2) Laziness. This applies to the cheaters, whether students or adults who think AI can handle chores they don't like or give them the appearance of having skills and talents they don't have - an illusion that will crumble as soon as they're deprived of the AI.
3) Greed. This applies to all the people who think they'll become richer, quickly, using AI, whether those people are employers hoping to lay off employees, or people dreaming of get-rich-quick schemes where AI gives them marketable writing, code, etc.
speak easy
(12,489 posts)Is AI oven ready now for the tasks it is being promoted for? No - and is greed an underlying incentive for the hype - yes.
And certainly, people give more weight to something that comes out of a computer, than it deserves.
You mention a calculator. If one in a hundred results from a calculator was wrong, would people still use one? Would they cross check each result to make sure it was accurate? If they were checking items in a grocery store? If they were buying a car?
highplainsdem
(58,807 posts)LLM hallucinate
and you'll find a lot about this.
Hekate
(100,006 posts)highplainsdem
(58,807 posts)Sometimes errors even in public demos aren't caught.
Google got hammered by bad publicity and its stock lost value when it first rolled out Bard AI and its hallucinations were caught immediately.

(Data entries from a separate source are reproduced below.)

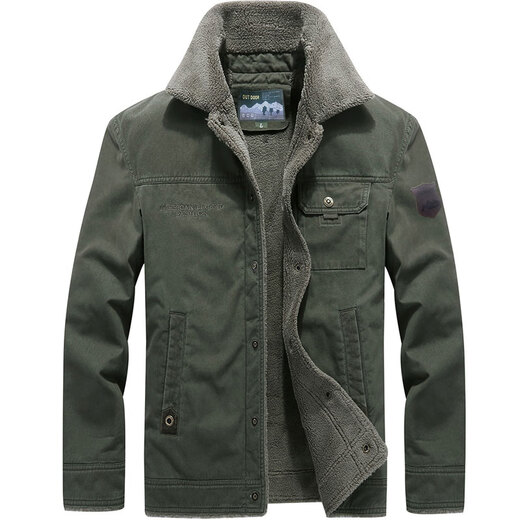 North Wolf Shield Winter Men's Cotton Clothes Plus Velvet Cotton Casual Thick Warm Jackets 3166 Army Green M (Suitable for 110 Jin Jin equals 0.5 kg -125 Jin Jin equals 0.5 kg)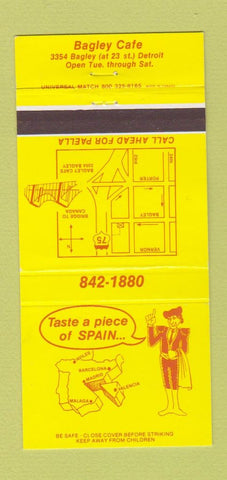 Matchbook Cover - Bagley Cafe Spanish Detroit MI 30 Strike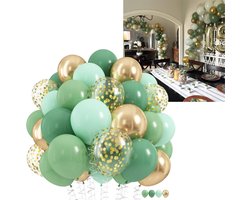 1 set - Saliegroene ballonnenset - Zachte macaronkleur - Feestbanner - Decoratieve aluminiumfolieballen - 30,48 cm - Voor verjaardagsfeest/babyshower met junglethema - Saliegroen - Groen - Goud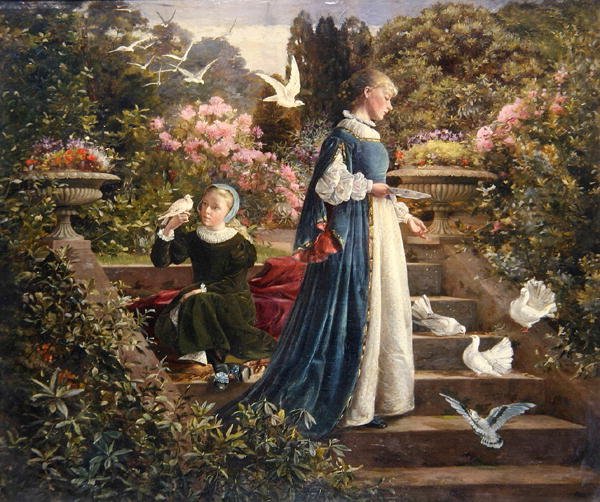 A galambok etetése alkotó: Francis Sydney Muschamp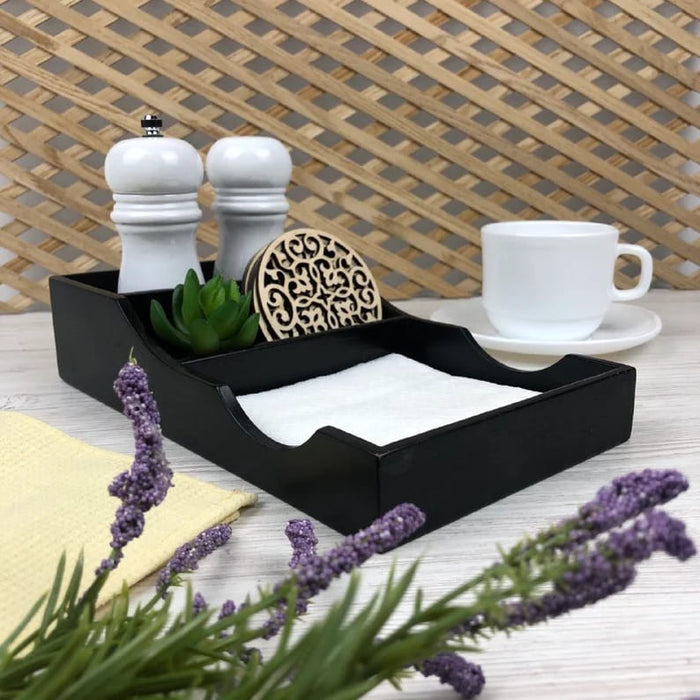 Black Napkin Holder Wood Salt Pepper - EvenWood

Microsoft got VERY lucky with its demo of Bing AI, because that chatbot also made mistakes, hallucinated, during the demo, but those mistakes weren't caught till later, and Bing was hyped tremendously...and then it went off the rails and its ability to respond had to be sharply restricted.
I'm sure these AI are giving a lot more incorrect or simply crazy results than we ever hear about. Students using them for cheating aren't likely to call attention to that.
And businesses using fallible AI won't publicize that, either - won't want people to know about hallucinations/errors - for fear that it will damage their reputation.